Exercise ::
Reading the listing below, restate each entry exactly as written.

----- Task data -----

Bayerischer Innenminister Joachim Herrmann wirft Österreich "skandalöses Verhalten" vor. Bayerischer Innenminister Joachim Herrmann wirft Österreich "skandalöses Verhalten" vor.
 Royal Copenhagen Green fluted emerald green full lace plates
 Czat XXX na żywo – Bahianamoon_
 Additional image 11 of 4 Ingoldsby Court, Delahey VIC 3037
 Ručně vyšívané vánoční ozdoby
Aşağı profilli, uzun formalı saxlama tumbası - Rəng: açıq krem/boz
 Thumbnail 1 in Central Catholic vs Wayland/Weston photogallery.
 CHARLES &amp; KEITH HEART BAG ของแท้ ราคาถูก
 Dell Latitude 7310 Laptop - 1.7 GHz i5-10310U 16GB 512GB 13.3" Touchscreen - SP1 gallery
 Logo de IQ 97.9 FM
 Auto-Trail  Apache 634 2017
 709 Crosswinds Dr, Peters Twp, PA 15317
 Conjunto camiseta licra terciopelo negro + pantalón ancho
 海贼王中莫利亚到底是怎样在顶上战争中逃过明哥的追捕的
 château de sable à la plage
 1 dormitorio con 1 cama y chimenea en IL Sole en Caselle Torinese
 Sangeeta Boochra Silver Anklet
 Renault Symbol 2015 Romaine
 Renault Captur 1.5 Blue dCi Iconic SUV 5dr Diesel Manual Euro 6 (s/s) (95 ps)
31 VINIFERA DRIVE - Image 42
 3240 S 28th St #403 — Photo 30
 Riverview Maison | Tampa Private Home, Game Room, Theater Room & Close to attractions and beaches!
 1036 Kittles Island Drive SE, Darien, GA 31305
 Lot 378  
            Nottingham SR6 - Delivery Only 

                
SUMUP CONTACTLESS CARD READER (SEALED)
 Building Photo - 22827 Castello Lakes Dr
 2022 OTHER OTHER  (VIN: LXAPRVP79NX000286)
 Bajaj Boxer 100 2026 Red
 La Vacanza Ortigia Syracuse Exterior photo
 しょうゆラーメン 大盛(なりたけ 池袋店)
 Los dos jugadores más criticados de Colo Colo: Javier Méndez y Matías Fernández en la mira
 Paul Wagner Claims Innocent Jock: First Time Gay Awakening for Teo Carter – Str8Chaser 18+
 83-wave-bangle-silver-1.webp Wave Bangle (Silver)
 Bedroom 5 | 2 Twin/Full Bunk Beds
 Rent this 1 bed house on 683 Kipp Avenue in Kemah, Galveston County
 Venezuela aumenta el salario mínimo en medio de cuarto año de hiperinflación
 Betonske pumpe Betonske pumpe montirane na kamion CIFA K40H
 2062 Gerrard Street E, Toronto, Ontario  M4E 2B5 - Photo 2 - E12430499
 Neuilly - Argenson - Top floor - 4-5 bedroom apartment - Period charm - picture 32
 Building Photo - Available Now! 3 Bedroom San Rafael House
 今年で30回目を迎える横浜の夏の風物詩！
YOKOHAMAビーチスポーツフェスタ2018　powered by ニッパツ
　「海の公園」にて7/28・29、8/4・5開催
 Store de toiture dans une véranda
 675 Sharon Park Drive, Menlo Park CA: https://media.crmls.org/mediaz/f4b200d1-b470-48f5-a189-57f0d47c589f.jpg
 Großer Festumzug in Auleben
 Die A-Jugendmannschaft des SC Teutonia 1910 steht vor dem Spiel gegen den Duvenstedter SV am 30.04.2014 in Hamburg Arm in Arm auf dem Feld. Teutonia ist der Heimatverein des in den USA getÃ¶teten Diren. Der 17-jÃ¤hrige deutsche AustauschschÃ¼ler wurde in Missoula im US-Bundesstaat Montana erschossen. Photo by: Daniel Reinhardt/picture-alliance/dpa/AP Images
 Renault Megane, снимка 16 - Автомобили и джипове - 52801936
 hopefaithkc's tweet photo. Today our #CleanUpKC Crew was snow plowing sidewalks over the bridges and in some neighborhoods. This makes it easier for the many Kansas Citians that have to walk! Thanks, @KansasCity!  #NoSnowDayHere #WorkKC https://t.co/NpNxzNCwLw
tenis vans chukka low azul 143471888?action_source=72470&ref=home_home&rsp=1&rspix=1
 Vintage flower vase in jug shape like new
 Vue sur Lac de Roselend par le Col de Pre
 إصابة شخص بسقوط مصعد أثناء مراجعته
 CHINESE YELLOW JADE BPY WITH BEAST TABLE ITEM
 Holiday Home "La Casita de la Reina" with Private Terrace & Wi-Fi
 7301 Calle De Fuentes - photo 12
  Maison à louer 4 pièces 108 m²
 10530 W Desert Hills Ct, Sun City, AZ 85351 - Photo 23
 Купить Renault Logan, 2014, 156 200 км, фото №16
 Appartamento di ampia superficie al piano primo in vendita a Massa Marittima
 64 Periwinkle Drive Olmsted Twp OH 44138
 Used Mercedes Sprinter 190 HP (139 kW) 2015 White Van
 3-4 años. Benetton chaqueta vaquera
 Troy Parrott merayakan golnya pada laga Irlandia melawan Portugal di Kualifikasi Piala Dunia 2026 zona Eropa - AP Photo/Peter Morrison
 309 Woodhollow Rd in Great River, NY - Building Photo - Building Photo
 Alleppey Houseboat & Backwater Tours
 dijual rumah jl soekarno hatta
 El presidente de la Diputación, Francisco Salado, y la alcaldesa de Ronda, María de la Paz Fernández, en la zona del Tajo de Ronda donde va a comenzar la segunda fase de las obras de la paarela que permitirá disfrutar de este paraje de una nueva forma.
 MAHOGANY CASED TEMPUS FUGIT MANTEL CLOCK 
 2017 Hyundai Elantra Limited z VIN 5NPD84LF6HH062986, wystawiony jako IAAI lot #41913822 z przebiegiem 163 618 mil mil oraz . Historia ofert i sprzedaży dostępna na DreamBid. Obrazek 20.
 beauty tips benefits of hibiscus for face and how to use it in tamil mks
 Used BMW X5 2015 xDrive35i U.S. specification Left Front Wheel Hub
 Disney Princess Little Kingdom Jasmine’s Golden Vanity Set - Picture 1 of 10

-----

Answer section ::
Bayerischer Innenminister Joachim Herrmann wirft Österreich "skandalöses Verhalten" vor. Bayerischer Innenminister Joachim Herrmann wirft Österreich "skandalöses Verhalten" vor.
 Royal Copenhagen Green fluted emerald green full lace plates
 Czat XXX na żywo – Bahianamoon_
 Additional image 11 of 4 Ingoldsby Court, Delahey VIC 3037
 Ručně vyšívané vánoční ozdoby
Aşağı profilli, uzun formalı saxlama tumbası - Rəng: açıq krem/boz
 Thumbnail 1 in Central Catholic vs Wayland/Weston photogallery.
 CHARLES &amp; KEITH HEART BAG ของแท้ ราคาถูก
 Dell Latitude 7310 Laptop - 1.7 GHz i5-10310U 16GB 512GB 13.3" Touchscreen - SP1 gallery
 Logo de IQ 97.9 FM
 Auto-Trail  Apache 634 2017
 709 Crosswinds Dr, Peters Twp, PA 15317
 Conjunto camiseta licra terciopelo negro + pantalón ancho
 海贼王中莫利亚到底是怎样在顶上战争中逃过明哥的追捕的
 château de sable à la plage
 1 dormitorio con 1 cama y chimenea en IL Sole en Caselle Torinese
 Sangeeta Boochra Silver Anklet
 Renault Symbol 2015 Romaine
 Renault Captur 1.5 Blue dCi Iconic SUV 5dr Diesel Manual Euro 6 (s/s) (95 ps)
31 VINIFERA DRIVE - Image 42
 3240 S 28th St #403 — Photo 30
 Riverview Maison | Tampa Private Home, Game Room, Theater Room & Close to attractions and beaches!
 1036 Kittles Island Drive SE, Darien, GA 31305
 Lot 378  
            Nottingham SR6 - Delivery Only 

                
SUMUP CONTACTLESS CARD READER (SEALED)
 Building Photo - 22827 Castello Lakes Dr
 2022 OTHER OTHER  (VIN: LXAPRVP79NX000286)
 Bajaj Boxer 100 2026 Red
 La Vacanza Ortigia Syracuse Exterior photo
 しょうゆラーメン 大盛(なりたけ 池袋店)
 Los dos jugadores más criticados de Colo Colo: Javier Méndez y Matías Fernández en la mira
 Paul Wagner Claims Innocent Jock: First Time Gay Awakening for Teo Carter – Str8Chaser 18+
 83-wave-bangle-silver-1.webp Wave Bangle (Silver)
 Bedroom 5 | 2 Twin/Full Bunk Beds
 Rent this 1 bed house on 683 Kipp Avenue in Kemah, Galveston County
 Venezuela aumenta el salario mínimo en medio de cuarto año de hiperinflación
 Betonske pumpe Betonske pumpe montirane na kamion CIFA K40H
 2062 Gerrard Street E, Toronto, Ontario  M4E 2B5 - Photo 2 - E12430499
 Neuilly - Argenson - Top floor - 4-5 bedroom apartment - Period charm - picture 32
 Building Photo - Available Now! 3 Bedroom San Rafael House
 今年で30回目を迎える横浜の夏の風物詩！
YOKOHAMAビーチスポーツフェスタ2018　powered by ニッパツ
　「海の公園」にて7/28・29、8/4・5開催
 Store de toiture dans une véranda
 675 Sharon Park Drive, Menlo Park CA: https://media.crmls.org/mediaz/f4b200d1-b470-48f5-a189-57f0d47c589f.jpg
 Großer Festumzug in Auleben
 Die A-Jugendmannschaft des SC Teutonia 1910 steht vor dem Spiel gegen den Duvenstedter SV am 30.04.2014 in Hamburg Arm in Arm auf dem Feld. Teutonia ist der Heimatverein des in den USA getÃ¶teten Diren. Der 17-jÃ¤hrige deutsche AustauschschÃ¼ler wurde in Missoula im US-Bundesstaat Montana erschossen. Photo by: Daniel Reinhardt/picture-alliance/dpa/AP Images
 Renault Megane, снимка 16 - Автомобили и джипове - 52801936
 hopefaithkc's tweet photo. Today our #CleanUpKC Crew was snow plowing sidewalks over the bridges and in some neighborhoods. This makes it easier for the many Kansas Citians that have to walk! Thanks, @KansasCity!  #NoSnowDayHere #WorkKC https://t.co/NpNxzNCwLw
tenis vans chukka low azul 143471888?action_source=72470&ref=home_home&rsp=1&rspix=1
 Vintage flower vase in jug shape like new
 Vue sur Lac de Roselend par le Col de Pre
 إصابة شخص بسقوط مصعد أثناء مراجعته
 CHINESE YELLOW JADE BPY WITH BEAST TABLE ITEM
 Holiday Home "La Casita de la Reina" with Private Terrace & Wi-Fi
 7301 Calle De Fuentes - photo 12
  Maison à louer 4 pièces 108 m²
 10530 W Desert Hills Ct, Sun City, AZ 85351 - Photo 23
 Купить Renault Logan, 2014, 156 200 км, фото №16
 Appartamento di ampia superficie al piano primo in vendita a Massa Marittima
 64 Periwinkle Drive Olmsted Twp OH 44138
 Used Mercedes Sprinter 190 HP (139 kW) 2015 White Van
 3-4 años. Benetton chaqueta vaquera
 Troy Parrott merayakan golnya pada laga Irlandia melawan Portugal di Kualifikasi Piala Dunia 2026 zona Eropa - AP Photo/Peter Morrison
 309 Woodhollow Rd in Great River, NY - Building Photo - Building Photo
 Alleppey Houseboat & Backwater Tours
 dijual rumah jl soekarno hatta
 El presidente de la Diputación, Francisco Salado, y la alcaldesa de Ronda, María de la Paz Fernández, en la zona del Tajo de Ronda donde va a comenzar la segunda fase de las obras de la paarela que permitirá disfrutar de este paraje de una nueva forma.
 MAHOGANY CASED TEMPUS FUGIT MANTEL CLOCK 
 2017 Hyundai Elantra Limited z VIN 5NPD84LF6HH062986, wystawiony jako IAAI lot #41913822 z przebiegiem 163 618 mil mil oraz . Historia ofert i sprzedaży dostępna na DreamBid. Obrazek 20.
 beauty tips benefits of hibiscus for face and how to use it in tamil mks
 Used BMW X5 2015 xDrive35i U.S. specification Left Front Wheel Hub
 Disney Princess Little Kingdom Jasmine’s Golden Vanity Set - Picture 1 of 10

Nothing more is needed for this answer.